== Segment start ==

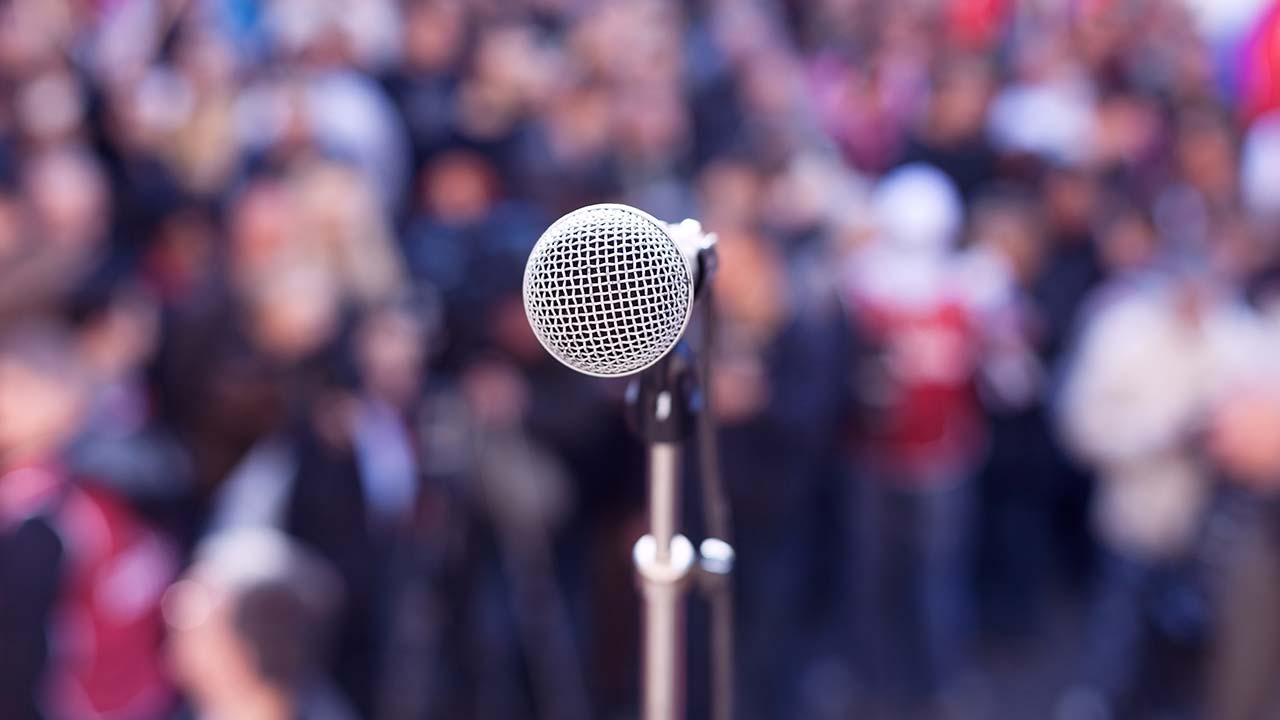 O papel da Igreja no mundo político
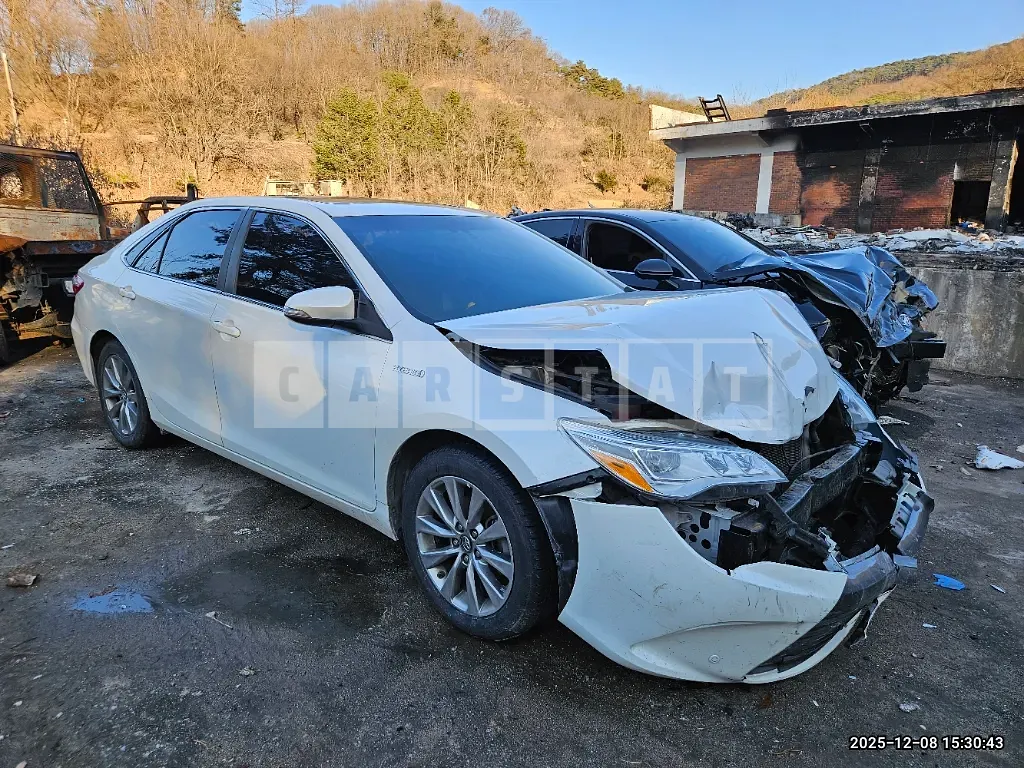 Photo 2 of 11: 2016 Toyota Camry Hybrid — Korean insurance auction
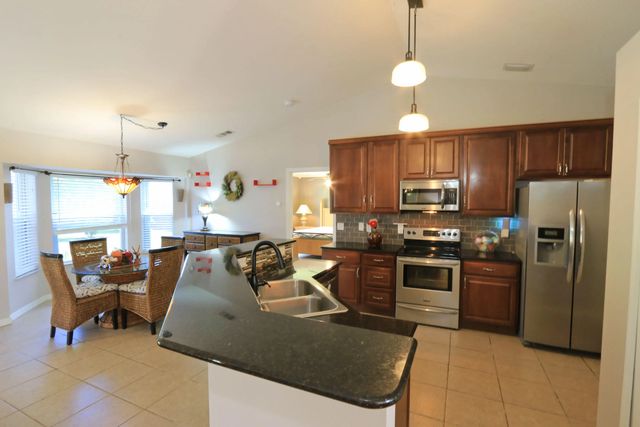4 of 35 - 1901 Sw Lewis Street, Port St. Lucie, FL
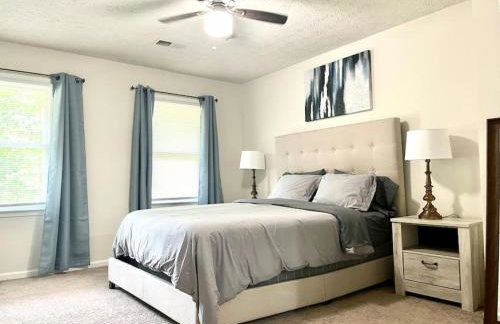 Getaway Home, Huge Yard and Smart TVs in All Rooms - Foto 1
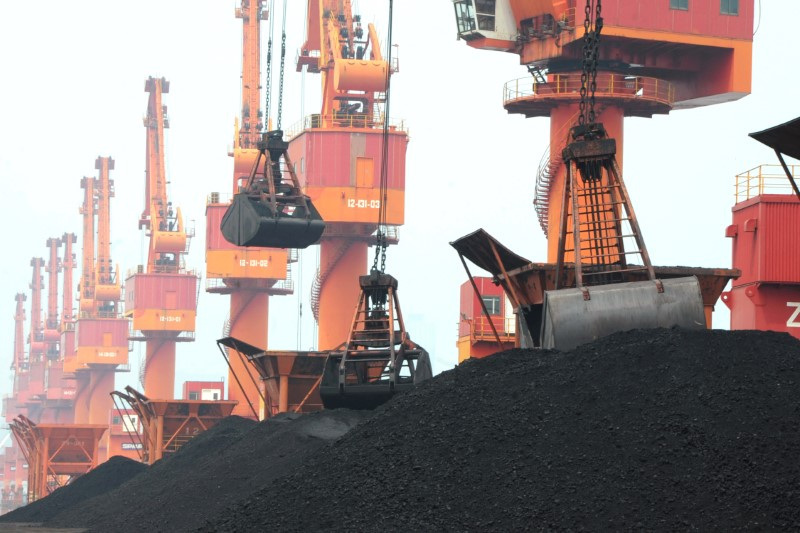 &copy; Reuters. 　９月２０日、中国税関総署が公表した８月のロシアからの石炭輸入は８５４万トンと、前月の７４２万トンから増加し、少なくとも５年ぶりの高水準となった。写真は貨物船からクレーン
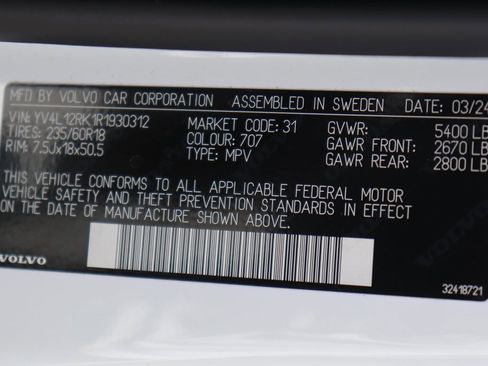 Used 2024 Volvo XC60 B5 Core image 49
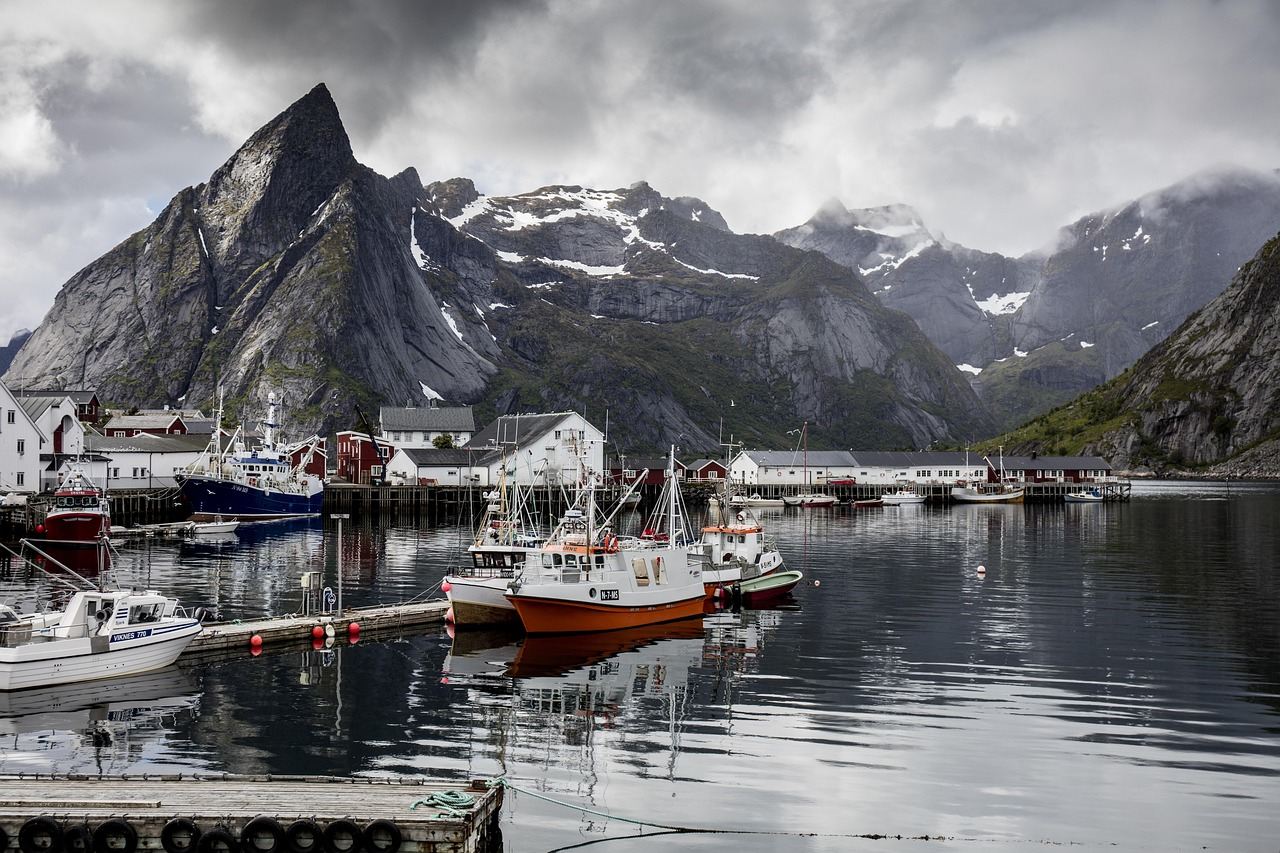 Norway Svolvær | Lofoten Island Highlights 1-day Tour [Private Charter/Group Tour Options]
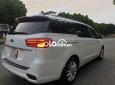 Kia Sedona 2018 - Cần bán gấp Kia Sedona 3.3 năm 2018, màu trắng, 895 triệu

== Segment end ==

> _Exercise goal_
Where a picture appears, skip it and copy the rest of the data word for word.

> _Answer to this task_
 O papel da Igreja no mundo político
 Photo 2 of 11: 2016 Toyota Camry Hybrid — Korean insurance auction
4 of 35 - 1901 Sw Lewis Street, Port St. Lucie, FL
 Getaway Home, Huge Yard and Smart TVs in All Rooms - Foto 1
 &copy; Reuters. 　９月２０日、中国税関総署が公表した８月のロシアからの石炭輸入は８５４万トンと、前月の７４２万トンから増加し、少なくとも５年ぶりの高水準となった。写真は貨物船からクレーン
 Used 2024 Volvo XC60 B5 Core image 49
 Norway Svolvær | Lofoten Island Highlights 1-day Tour [Private Charter/Group Tour Options]
 Kia Sedona 2018 - Cần bán gấp Kia Sedona 3.3 năm 2018, màu trắng, 895 triệu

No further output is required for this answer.